Task inputs.
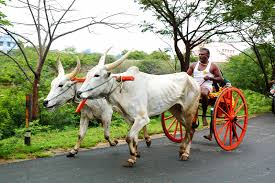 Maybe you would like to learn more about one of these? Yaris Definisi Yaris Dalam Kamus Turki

--

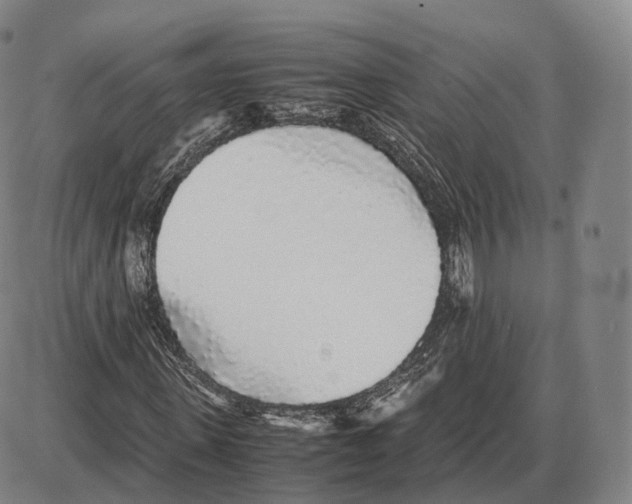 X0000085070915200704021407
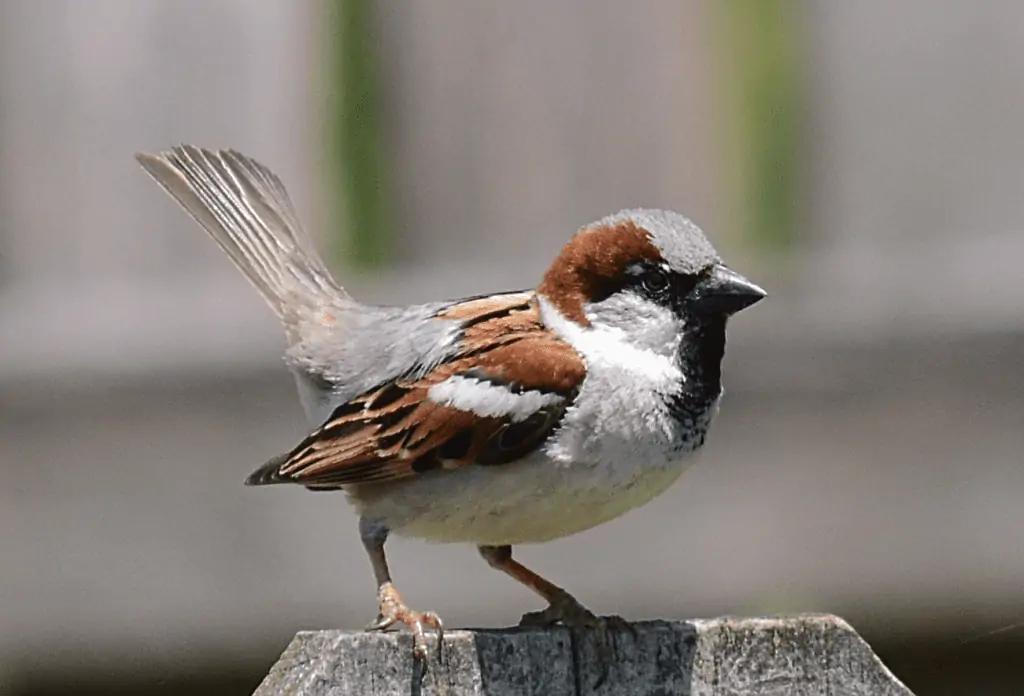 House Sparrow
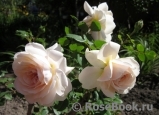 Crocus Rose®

Your task.
From the records above, copy exactly the stretch from the line holding "X0000085070915200704021407" through the line holding "Crocus Rose®", both ends included, without the pictures.

Response.
 X0000085070915200704021407
 House Sparrow
 Crocus Rose®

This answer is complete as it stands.